Pur mancando 2 mesi al termine dell’anno, si comincia a fare il “bilancio” dell’anno, accompagnato, come sempre, dalle previsioni per il prossimo (perché, comunque, mancano solo 60 giorni all’inizio del nuovo).
Il nervosismo di questi giorni, con la crisi medio orientale che, forse più ancora delle semplici analisi economico-finanziarie, determina una più accentuata volatilità, in realtà è iniziato a fine agosto, figlio delle preoccupazioni legate al ciclo economico.
Come ogni cosa, anche i dati economici si prestano alle più svariate interpretazioni: come sempre, qualcuno vede il bicchiere mezzo vuoto, altri quello mezzo pieno. Peraltro, ad un’analisi più attenta, la tanto temuta recessione sembra allontanarsi un po’. Rimane, certo, la variabile geo-politica, ma, come successo in passato, seppur, magari, tra alti e bassi, la speranza è che la situazione non sfugga di mano. Sullo sfondo rimangono sempre le elezioni Presidenziali americane (novembre 24), un evento in grado di influenzare molti ambiti, dalla politica estera a quella economica.
Ma andiamo con ordine.
Il “grande malato” di questa fase, la Cina (in Europa, in realtà, ne abbiamo un altro, la Germania, il cui malessere, peraltro, dipende in parte anche dal gigante orientale), sembra volere a tutti i costi uscire dal periodo difficile, con il Governo e la Banca Centrale che non sembrano lesinare aiuti (anche se la crisi del settore immobiliare potrebbe essere una zavorra di non poco conto).

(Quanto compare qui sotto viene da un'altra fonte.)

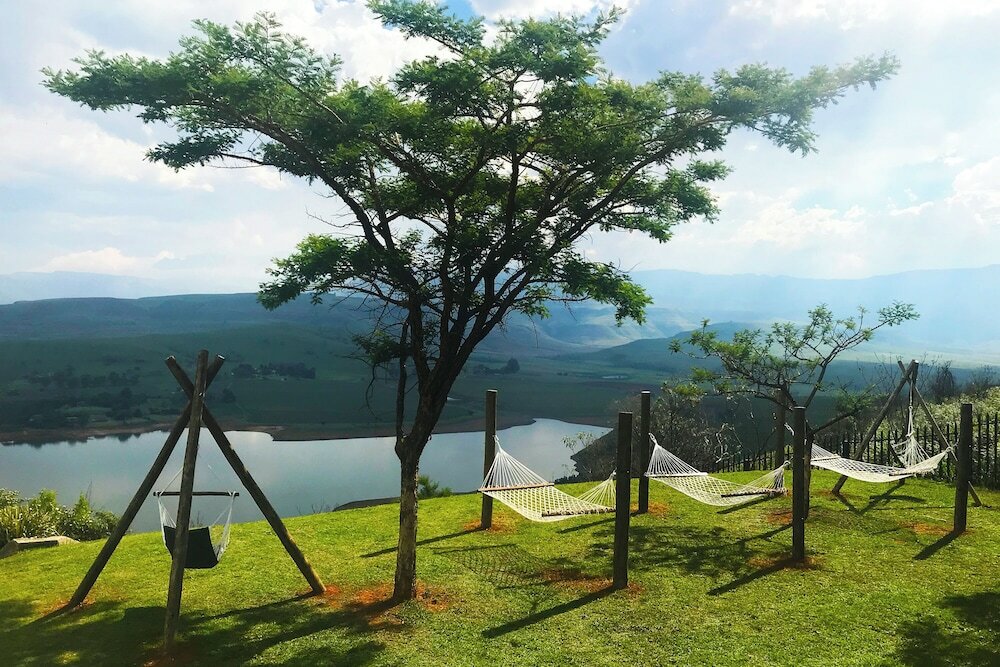 Фото Cayley Mountain Resort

Gli Stati Uniti, come l’eccezionale dato del 3° trimestre sta a confermare (PIL annualizzato 4,9%, superiore alle previsioni, che stavano tra il 4,5 e il 4,7%, ma ancor di più al 2° trimestre, quando non ha superato il 2,1%) un’economia quasi “effervescente” (anche se già si sa che il 4° trimestre sarà inferiore). L’altra faccia della medaglia potrebbe essere, ancora una volta, la fatica, da parte della FED, nel tenere “bloccati” i tassi al 5.25%-5,50%, con il rischio, da qui a fine anno, di un ulteriore ritocco. Ma, come detto, l’anno elettorale si farà sentire (per quanto totalmente indipendente dal potere politico, la FED ha, come tutte le Istituzioni monetarie, un “ruolo politico”: lo sa bene Powell, che difficilmente avrà voglia di “mettere il bastone tra le ruote” di Biden). E’ presumibile, quindi, che i tassi, a partire dalla seconda metà del prossimo anno, possano iniziare la loro (lenta) discesa, “puntando” al 4,25-4,50% per la fine del 2024.

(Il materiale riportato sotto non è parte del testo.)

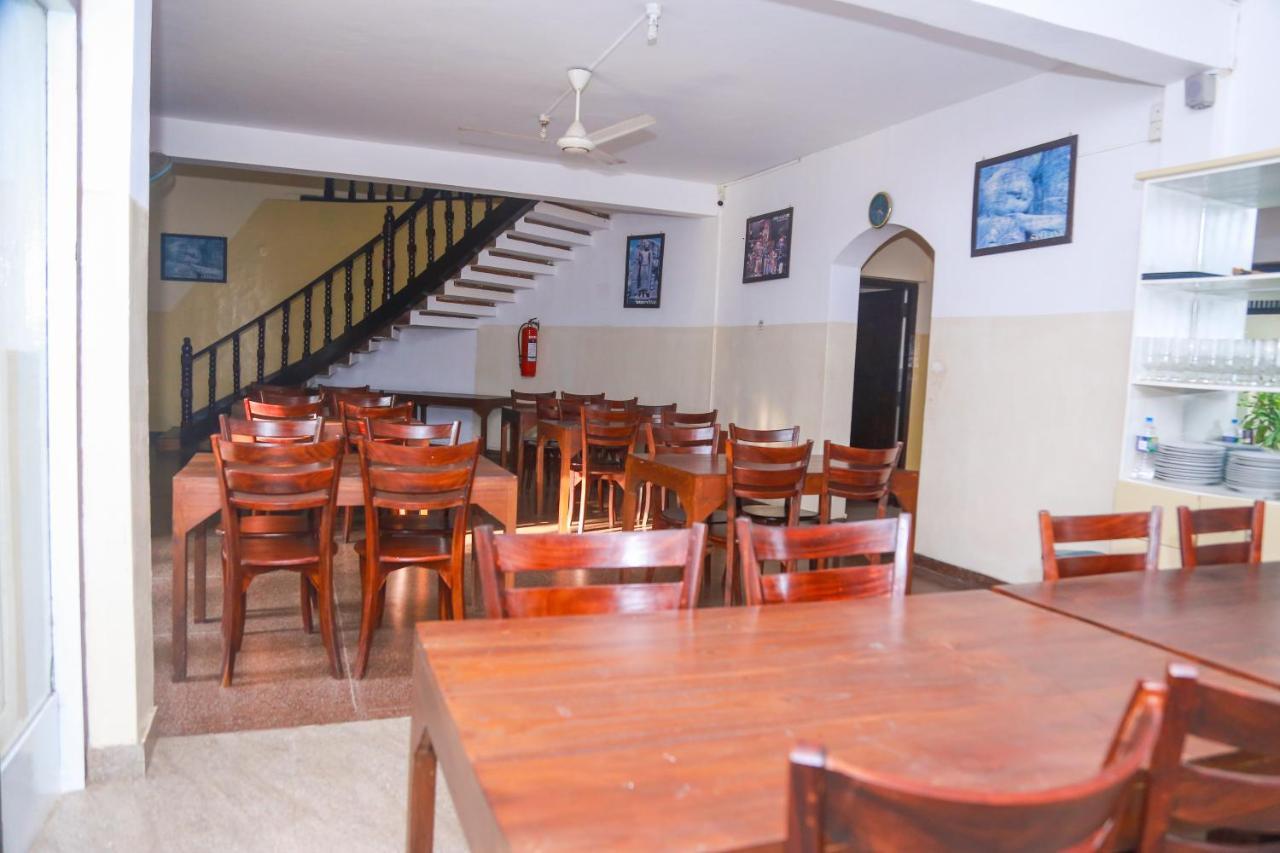 Hotel Milano Tourist Rest Anuradhapura Esterno foto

L’Europa, oggi in condizioni diverse rispetto all’economia americana (la “fragilità” della Germania condiziona tutta l’area), dovrebbe positivamente risentire della ripartenza della Cina (si è detto della dipendenza della Germania). Ieri la BCE non ha “toccato” i tassi, confermando il 4% sui depositi: in molti azzardano che si sia arrivati al “pivot”, per cui anche nella prossima riunione Christine Lagarde potrebbe lasciare invariate le cose. Di certo, se guardiamo all’andamento del tasso swap 5y5y (in sostanza il “future” sui tassi sulla scadenza di 5 anni), si nota che, rispetto al dato di agosto (2,7%), ora siamo al 2,5%: se lo depuriamo del “premio al rischio”, siamo praticamente a quel 2% che è l’obiettivo “target” non solo della BCE ma di un po’ tutte le Banche Centrali.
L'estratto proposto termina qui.